# Work to complete:
Reproduce the listing below as it stands. Leave out each image.
===== Record excerpts
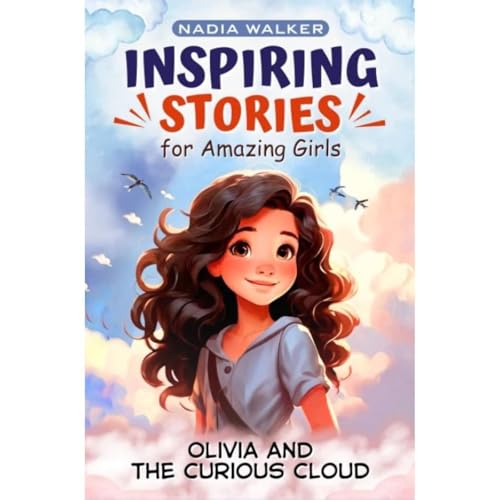 Inspiring Stories For Amazing Girls : An Uplifting Story About Teamwork, Friendship, Believing In Yourself, How Kindness Can Spread and Dreaming Big by Nadia Walker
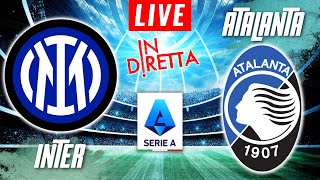 INTER MILAN VS ATALANTA LIVE  ITALIAN SERIE A FOOTBALL MATCH IN DIRETTA  TELECRONACA [upl. by Magel]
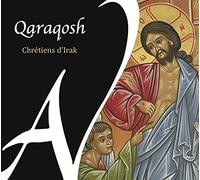 Qaraqosh - Qaraqosh/Chants Chrétiens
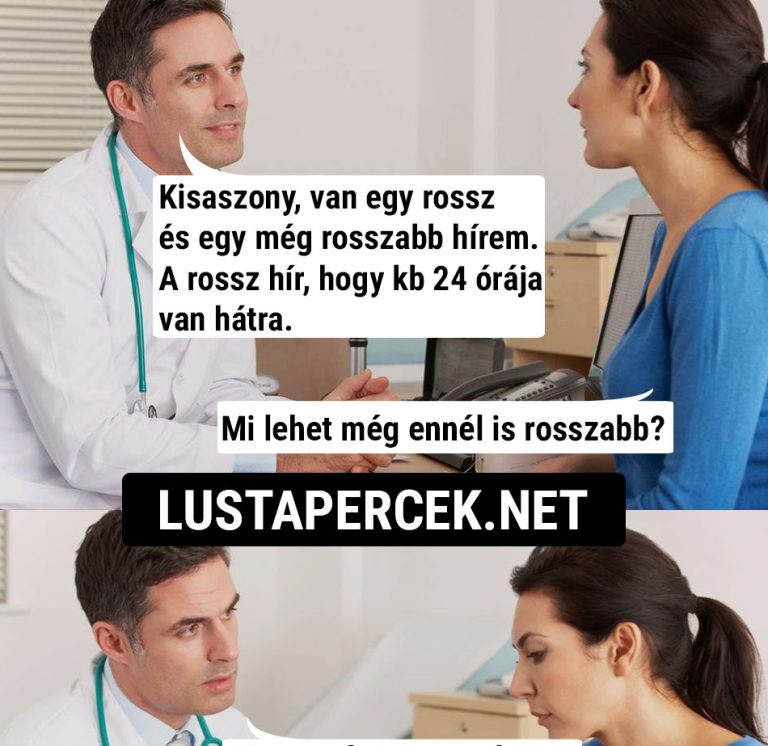 Kisasszony, van egy rossz…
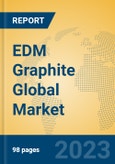 EDM Graphite Global Market Insights 2023, Analysis and Forecast to 2028, by Manufacturers, Regions, Technology, Product Type- Product Image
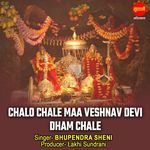 Chalo Chale Maa Veshnav Devi Dham Chale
==========
# Your response:
 Inspiring Stories For Amazing Girls : An Uplifting Story About Teamwork, Friendship, Believing In Yourself, How Kindness Can Spread and Dreaming Big by Nadia Walker
 INTER MILAN VS ATALANTA LIVE  ITALIAN SERIE A FOOTBALL MATCH IN DIRETTA  TELECRONACA [upl. by Magel]
 Qaraqosh - Qaraqosh/Chants Chrétiens
 Kisasszony, van egy rossz…
 EDM Graphite Global Market Insights 2023, Analysis and Forecast to 2028, by Manufacturers, Regions, Technology, Product Type- Product Image
 Chalo Chale Maa Veshnav Devi Dham Chale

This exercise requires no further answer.